* [Task details] Each image should be skipped while the records are restated word for word.

◇ ◇ ◇ ◇ ◇

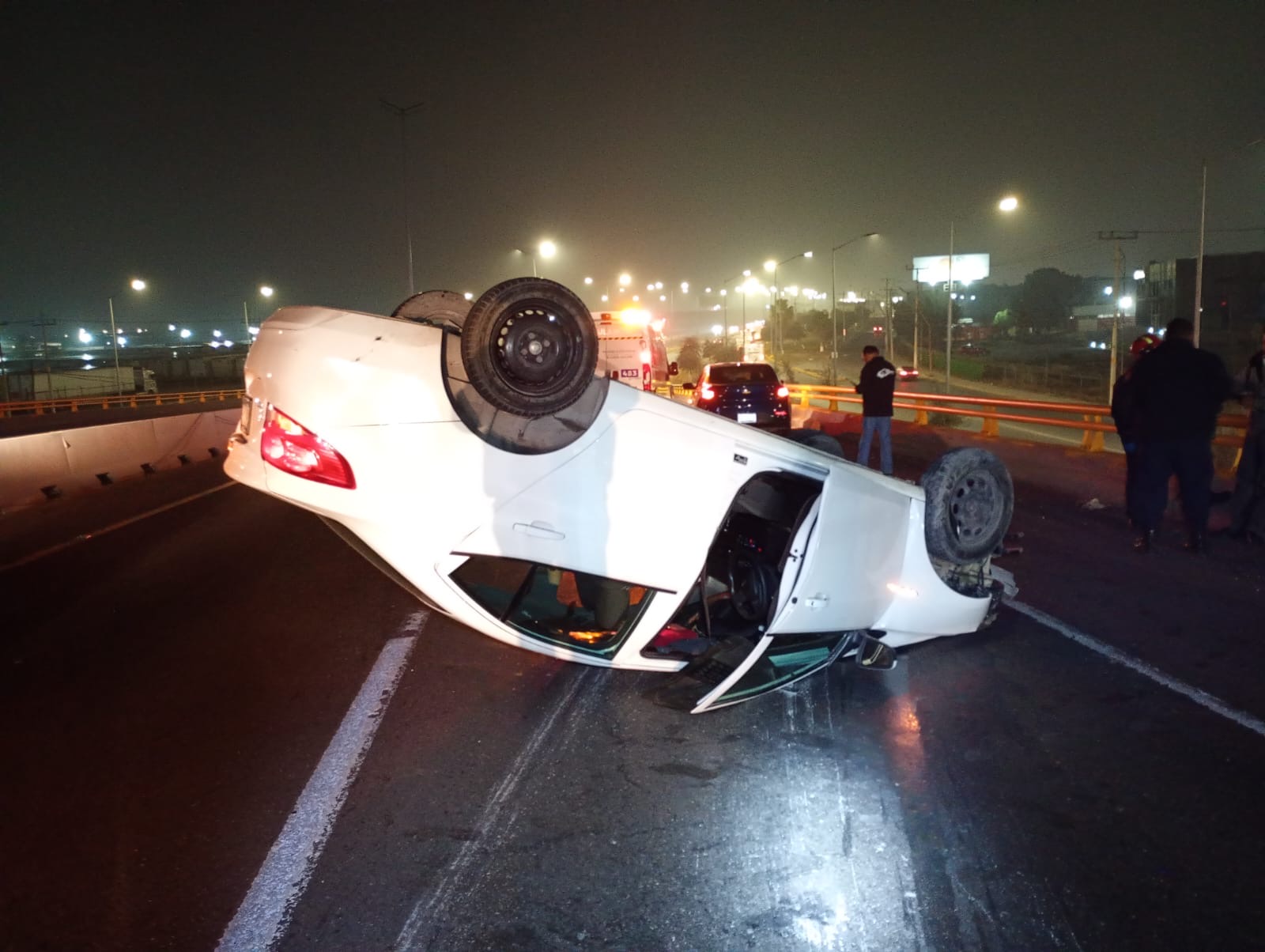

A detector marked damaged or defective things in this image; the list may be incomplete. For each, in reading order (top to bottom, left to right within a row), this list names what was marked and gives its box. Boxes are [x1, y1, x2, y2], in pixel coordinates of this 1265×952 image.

exposed spare tire [462, 278, 601, 417]
crashed chevrolet aveo [225, 278, 1018, 708]
overturned white car [225, 278, 1018, 708]
exposed spare tire [923, 446, 1012, 560]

◇ ◇ ◇ ◇ ◇

* [Exercise solution]
A detector marked damaged or defective things in this image; the list may be incomplete. For each, in reading order (top to bottom, left to right within a row), this list names what was marked and gives its box. Boxes are [x1, y1, x2, y2], in pixel coordinates of this 1265×952 image.

exposed spare tire [462, 278, 601, 417]
crashed chevrolet aveo [225, 278, 1018, 708]
overturned white car [225, 278, 1018, 708]
exposed spare tire [923, 446, 1012, 560]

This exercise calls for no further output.